The fifth-grade girls slipped past Be Vang on the stairs, balancing snacks and cartons of milk on lunch trays, just a half-hour before a graduation celebration.
"I'll be right down," Vang called to them as she headed to her office as assistant principal at Phalen Lake Hmong Studies Magnet School on St. Paul's East Side.
Not everyone knows it, but fifth grade was a turning point for Vang as a child, the first step in a path that will take her next fall to a new assignment as principal at Mississippi Creative Arts School.
Be Vang, in many ways, represents the present and future of St. Paul public schools.
On Monday, she closed out a year as assistant principal, the last of three during which she learned the administrative ropes while discussing issues of leadership and race — hot topics in a district committed to erasing achievement disparities through sometimes bold self-examination — with friend and mentor Deborah Shipp, a veteran St. Paul schools administrator who is black.
At Mississippi Creative Arts, Vang said, she brings skills she is proud of as well as a desire to contribute, specifically, "as a Hmong person."

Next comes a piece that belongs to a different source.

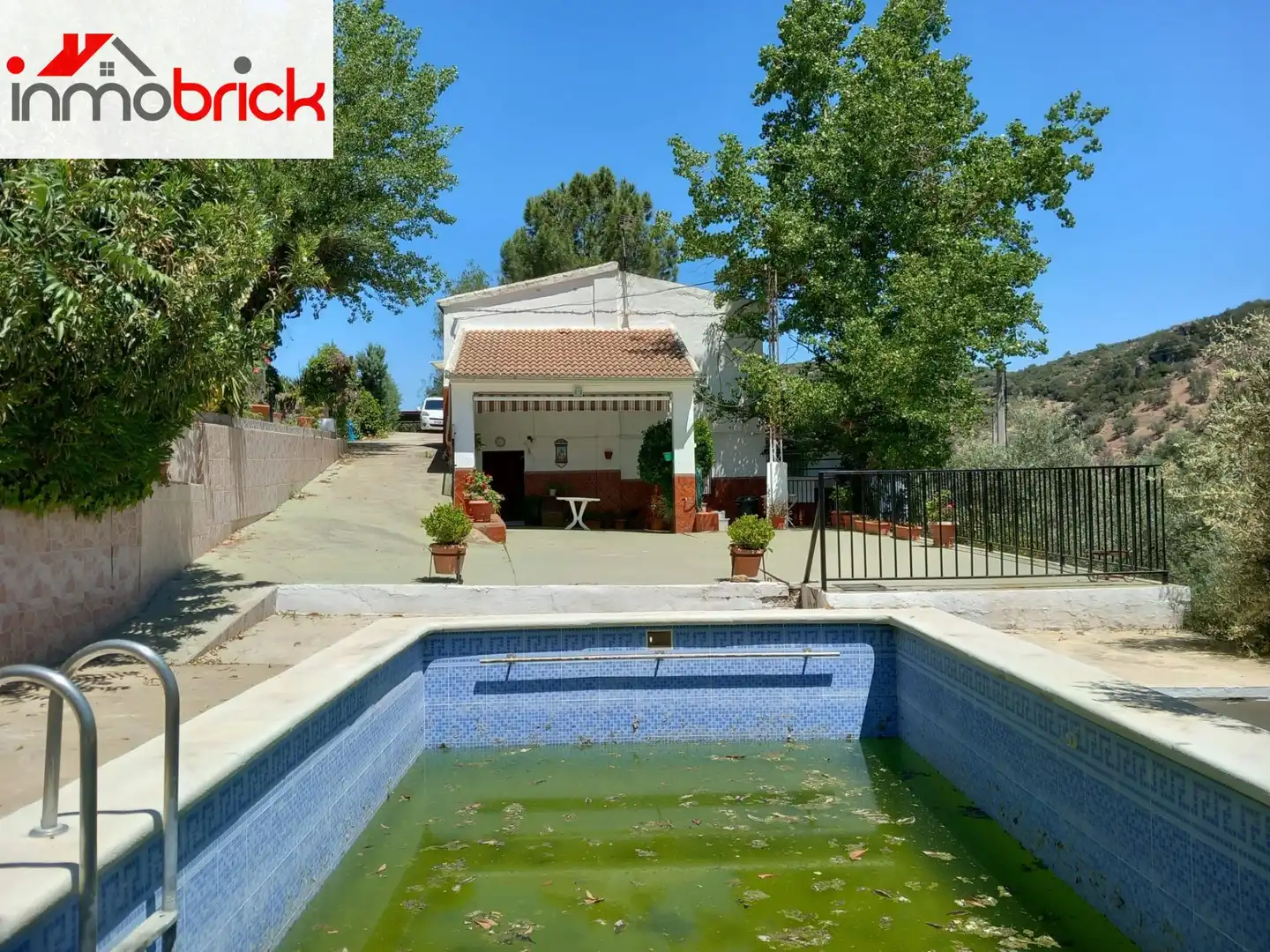 Casa amb piscina en venda a Rute, imagen 2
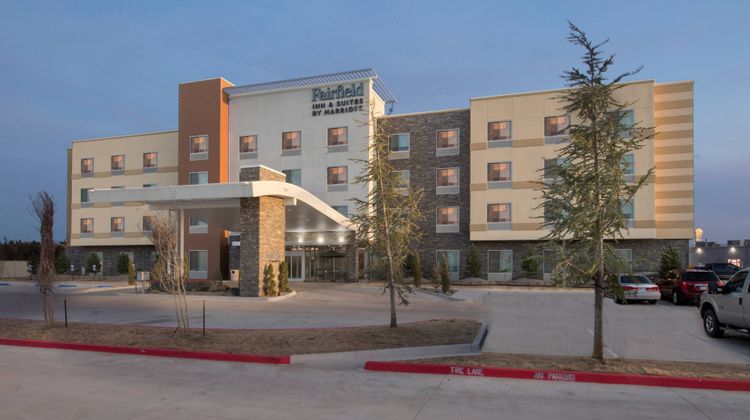 Fairfield Inn & Suites Oklahoma City Exterior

She embraces the role as an inspiration to Hmong-American children in a district with few other high-ranking Hmong-American administrators. This despite the fact Asians constitute the district's largest ethnic group and the district loses hundreds of Hmong-American children annually to two charter schools that district proponents acknowledge have stronger personal connections with local families.
District leaders, however, see Vang as an educator on the rise.